§ What the exercise asks
Take the listing that follows and copy it precisely.

§ Data excerpt
------------------------------------------------
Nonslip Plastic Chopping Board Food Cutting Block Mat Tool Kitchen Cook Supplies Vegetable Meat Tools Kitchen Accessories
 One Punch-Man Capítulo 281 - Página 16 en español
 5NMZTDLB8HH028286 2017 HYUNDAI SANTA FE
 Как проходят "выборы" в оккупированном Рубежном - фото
------------------------------------------------
§ Solution to this task
Nonslip Plastic Chopping Board Food Cutting Block Mat Tool Kitchen Cook Supplies Vegetable Meat Tools Kitchen Accessories
 One Punch-Man Capítulo 281 - Página 16 en español
 5NMZTDLB8HH028286 2017 HYUNDAI SANTA FE
 Как проходят "выборы" в оккупированном Рубежном - фото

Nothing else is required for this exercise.